* Damien Hull <dhull@section9.us> [160907 15:02]:
> Dan,
>
> Well put. Totally agree that a college education is a good thing to have.
> You still need to learn how to use things like Cisco or NetApp. Unless your
> college degree included training in these areas. That's where the vendor
> certs come in. I don't like the fact that they only last 3 years. I also
> don't like the fact that they are expensive. Unfortunately it's all we have
> at the moment.
Amen. I'll second that and suggest that a general "classical"
education can't hurt too much.
Case in point:
In 1989, I had started my third year of going back to college to
major in computer science and I was burned out and jaded. I had to
take a music appreciation class - which I really resented and a
class in C (see "burned out and jaded").
As a result of the music appreciation class, I found out that the
'A' note that an orchestra tunes too has a frequency of 440 herz.
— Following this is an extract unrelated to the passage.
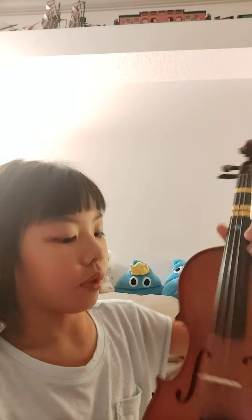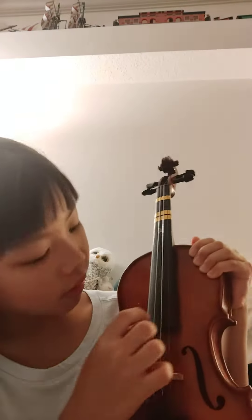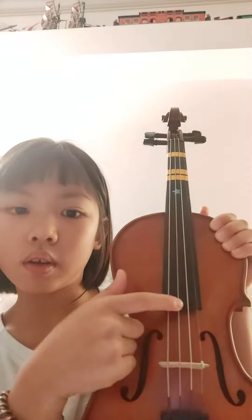So let me get my handy dandy bow in. You'll want to start on your D string. If you don't know what that is, it is the middle one right here.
I had access to a C function that could set the speaker to any
frequency within human hearing range for increments of one
micro(1/1000)second. I also realized that an "A" one octave higher
would have a frequency of 880 and an "A" an octave lower would
have a frequency of 220 ... and so on.
From that I could work up an algorithm for the logarithms that
could be applied to half-steps, whole steps, and the entire
musical scale. I could even play chords by repeating the notes of
said chord every microsecond. I ended up writing my first C
program (and my first truly original program in any language) that
played a variation of Pictures At an Exhibition (Mussorgsky, also
done by Emerson, Lake and Palmer).
All on the speaker. No sound cards were available to me at that
time. I "played" it for my Music Appreciation teacher (principle
percussionist at the Anchorage Symphony at that time) and she
howled with laughter and called it a work of art.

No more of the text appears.